> **Exercise requirements**:
Omit any pictures, and restate word for word only the lines from the one with "Mektron Case for" through the end of the data below.

[Image-text web data]
########
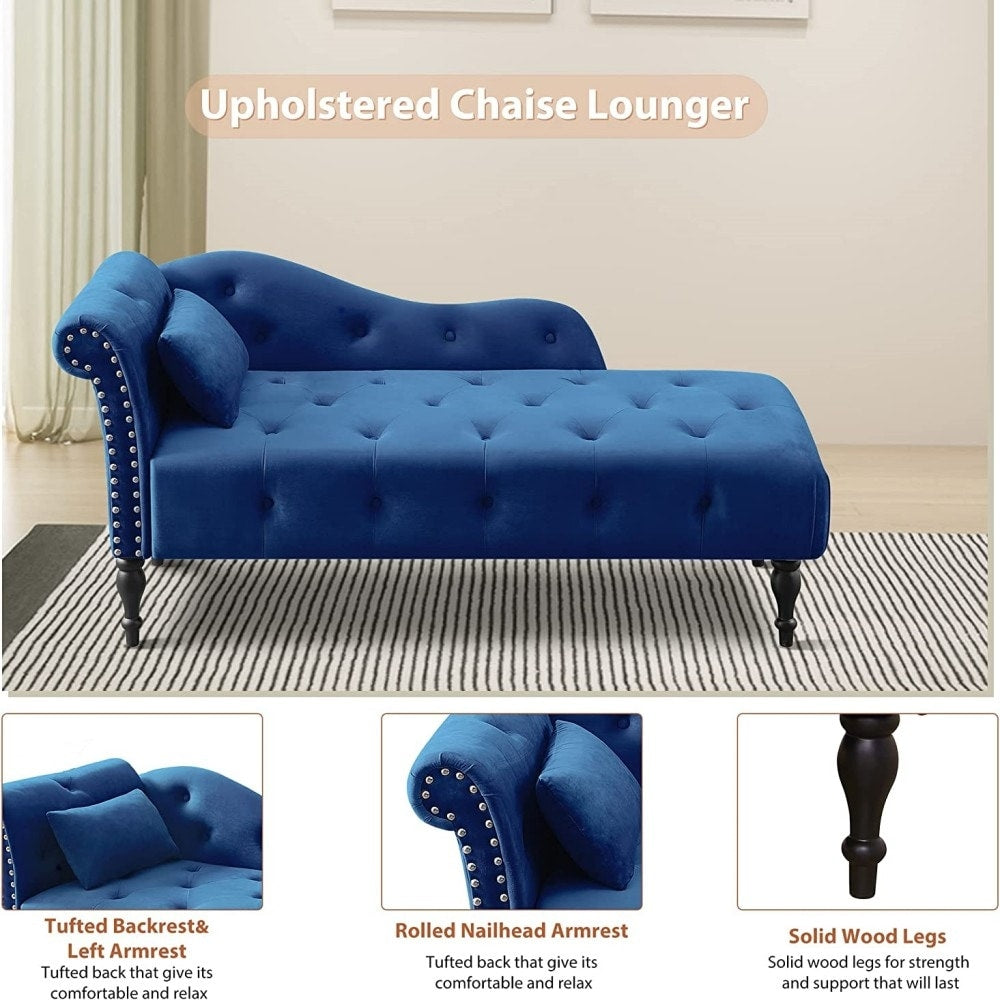 Chaise longue en velours 61 avec 1 coussin et garniture à clous cloutés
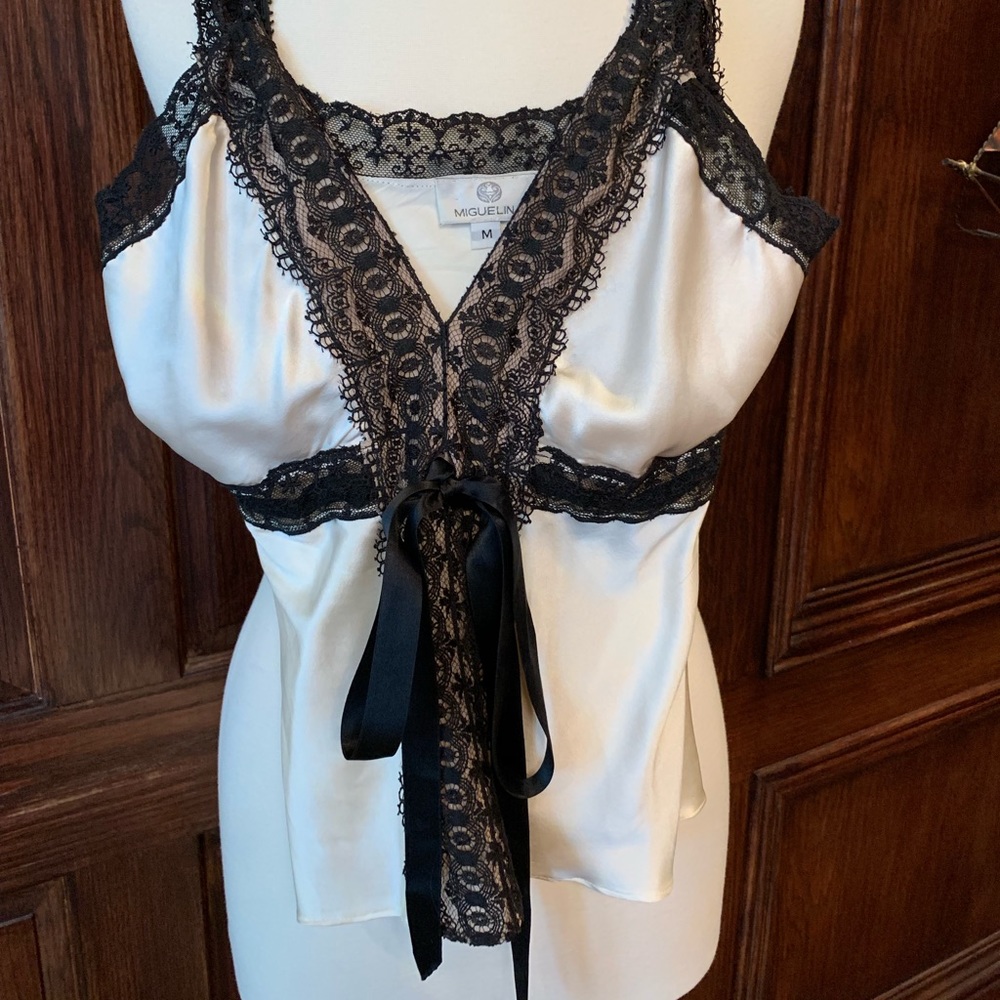 miguelina silk camisole with black lace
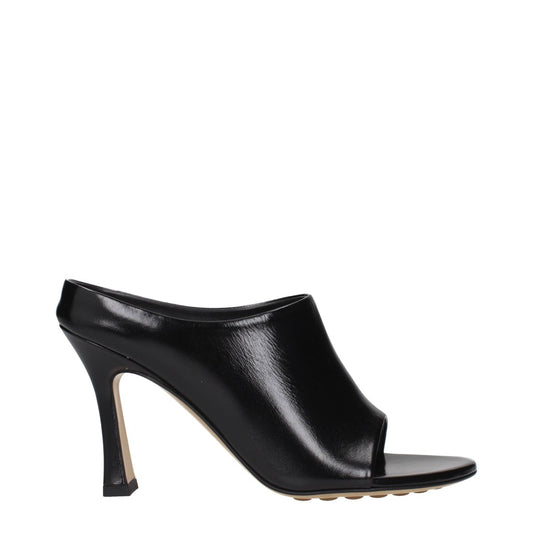 Bottega Veneta Black Leather Open Toe Sandals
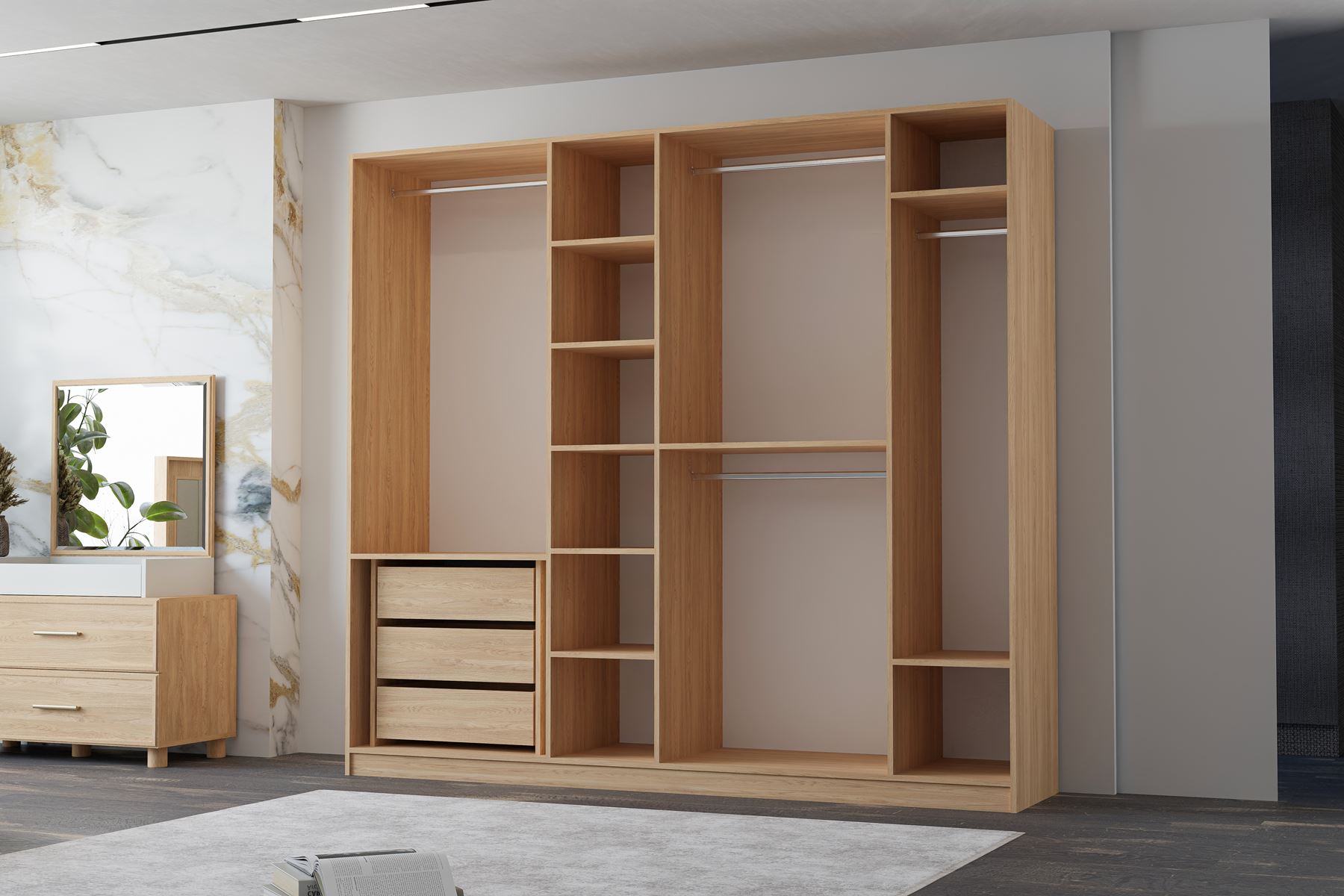 Süper Modül 6 Kapılı Dolap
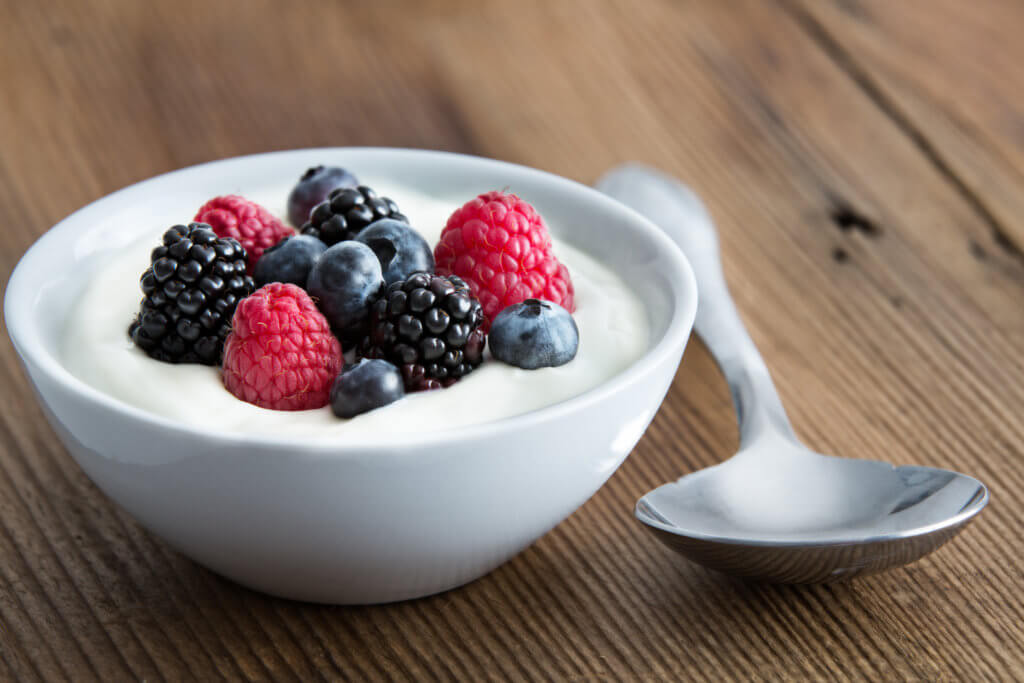 yogurt and berries for pilates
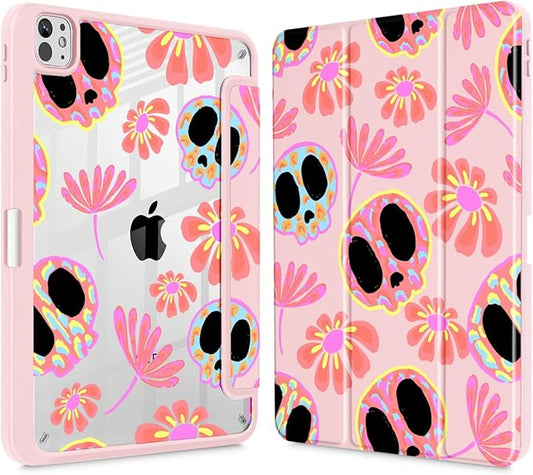 Mektron Case for M5/ M4 iPad Pro 11 inch 2025/2024 with Pencil Holder Compatible Models: A3357/A3358/A3359/A2836/A2837/A3006 Shockproof Cover Clear Shell Skull &amp Flowers Pink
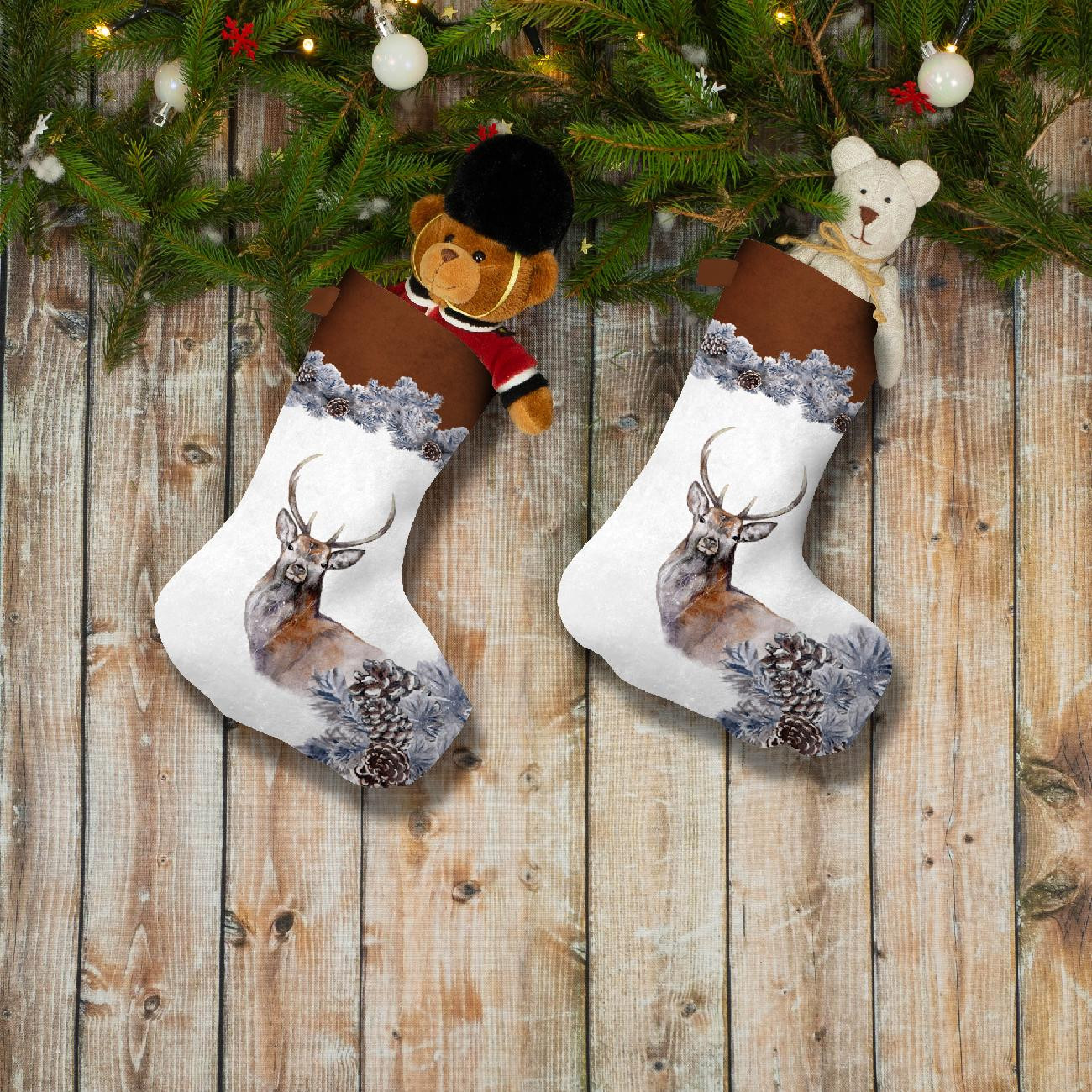 Christmas Stocking Set - REINDEER / CONES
########
> **Result of this task**:
 Mektron Case for M5/ M4 iPad Pro 11 inch 2025/2024 with Pencil Holder Compatible Models: A3357/A3358/A3359/A2836/A2837/A3006 Shockproof Cover Clear Shell Skull &amp Flowers Pink
 Christmas Stocking Set - REINDEER / CONES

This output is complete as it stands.